SOLDIER is a group of skilled combat operatives within Shinra. The elite within the group — those strong enough to be deemed SOLDIER 1st Class — are respected and idolized by the citizenry. Zack is a young SOLDIER 2nd Class who aspires to become a 1st. He spends his days carrying out assignments under the guidance of his 1st Class mentor, Angeal. During an operation in Wutai, a large number of SOLDIER member, led by 1st Class operative Genesis, go missing. The severity of the situation prompts Shinra executives to deploy even more SOLDIER operatives in hopes of bringing an end to the war with Wutai—and conducting an investigation into the mass desertion. The ones assigned to the mission are Zack, Angeal, and the 1st Class hero who is known the world over as Sephiroth...
What truths lie behind Genesis's disappearance? What secrets bind the three SOLDIER 1st Class operatives? For Zack, a cruel and fateful struggle awaits...
Crisis Core: Final Fantasy VII Special Edition Contains:
- Complete the Final Fantasy VII experience and reunite with the most recognised RPG characters created by world-renowned character designer Tetsuya Nomura.
- Witness stunning graphics and CG cutscenes coupled with top-notch voice acting in a 16:9 widescreen presentation, made possible by the PSP system hardware.
- Innovative D.M.W (Digital Mind Wave) system enhances the action-packed real-time battle system, allowing players to unleash special attacks or call upon iconic Final Fantasy summons.
- Take on challenges with the all-new “Hard Mode” which was not in the original Japanese release.
- Acquire unique accessories, items and abilities made available through 300 side missions to further enrich the gameplay experience.
Mark is living in a Materia world...
It’s fair to say George Lucas coined the term ‘prequel’. His second Star Wars trilogy gave the established universe even more depth by delving into the story’s past.

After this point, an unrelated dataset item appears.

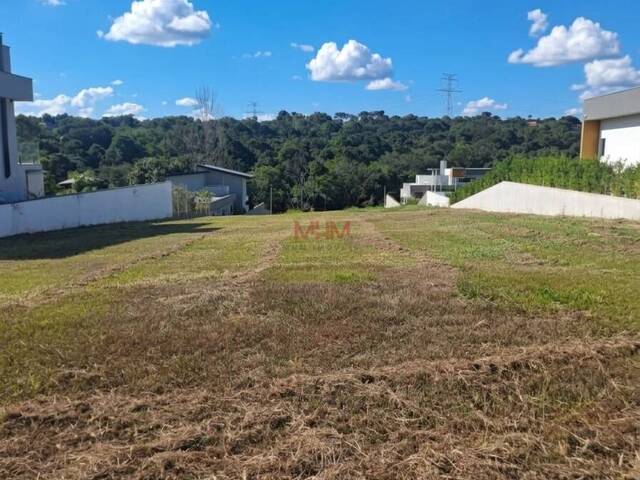#BTE843 - Terreno em condomínio para Venda em Boituva - SP - 2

Predictable perhaps, but they captivated old and new film fans alike [That's a matter of opinion! - Ed]. It was always Anakin Skywalker’s fate to become Darth Vader, but seeing it happen was still a powerful cinematic experience, thanks to the iconic status of the series and the powerful presence of its arch antagonist.
Crisis Core: Final Fantasy VII is Square Enix’s tribute to Lucasarts. It is to gaming what the Star Wars prequels were to cinema. It is to Final Fantasy VII what Revenge of the Sith was to A New Hope. It’s the big, bombastic back story to the most beloved RPG of all time, featuring memorable locations, familiar faces, a tragically endearing main character, and a complex, troubled villain-to-be falling from grace in spectacular fashion.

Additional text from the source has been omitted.